Mr. Wycherly started up, looking painfully distressed. Montagu ran round to his little brother and put his arm round his shoulder—at the same time he murmured to his guardian: "It's the butter, it really is very bad."
"It's all bad," lamented Edmund; "we shall starve, all of us, if it goes on. One morning that bed-making body will come in and she'll find three skeletons. I know she will."
Mr. Wycherly sat down again. "Edmund, my dear little boy," he said brokenly, "I am so sorry, I ought not to have brought you here yet...."
"Look, look at poor Guardie," whispered Montagu.
Edmund raised his head.
"Would you like me to telegraph to Lady Alicia and ask her to have you for the rest of the holidays? I know she would, and by-and-bye, surely, by-and-bye we shall find some one less incompetent than that—than Mrs. Griffin."

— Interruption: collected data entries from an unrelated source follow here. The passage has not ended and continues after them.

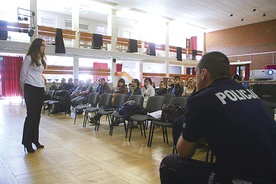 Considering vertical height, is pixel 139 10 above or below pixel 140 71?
above

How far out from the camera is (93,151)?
3277 mm

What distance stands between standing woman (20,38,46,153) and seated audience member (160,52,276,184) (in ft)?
8.34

Edmund shook himself free of his brother's arm and literally flung himself upon his guardian, exclaiming vehemently: "No, no, I want to stay with you. It's just as bad for you."
It was worse, for Mr. Wycherly could not restore exhausted nature with liberal supplies of Banbury cakes and buns. For the last three days he had eaten hardly anything and was, moreover, seriously concerned that the boys were assuredly not getting proper food. He would have gone back with them to the King's Arms immediately he discovered how extremely limited were Mrs. Griffin's powers had it not been that just then he received the furniture removers' bill, and, as Lady Alicia had warned him, it was very heavy.

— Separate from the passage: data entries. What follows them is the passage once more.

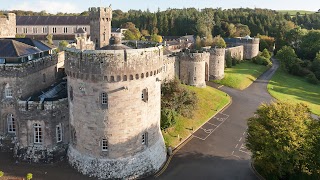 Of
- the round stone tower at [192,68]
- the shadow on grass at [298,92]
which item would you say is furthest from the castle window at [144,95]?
the shadow on grass at [298,92]

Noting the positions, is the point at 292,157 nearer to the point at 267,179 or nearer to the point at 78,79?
the point at 267,179

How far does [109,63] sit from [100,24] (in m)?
28.1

He had come in to tea with a sore heart that afternoon, for Mrs. Griffin had half an hour before informed him that she could not come on the morrow; so that now even her poor help would be lost to them. She was going, she said, to her "sister-in-law" at Abingdon for Sunday, as she needed a rest.
"So much cookin' and cleanin' is what I ain't used to; no, not if it was ever so; and I can't keep on with it for long at a stretch. I'll come on Monday just to oblige you if so be as I'm up to it."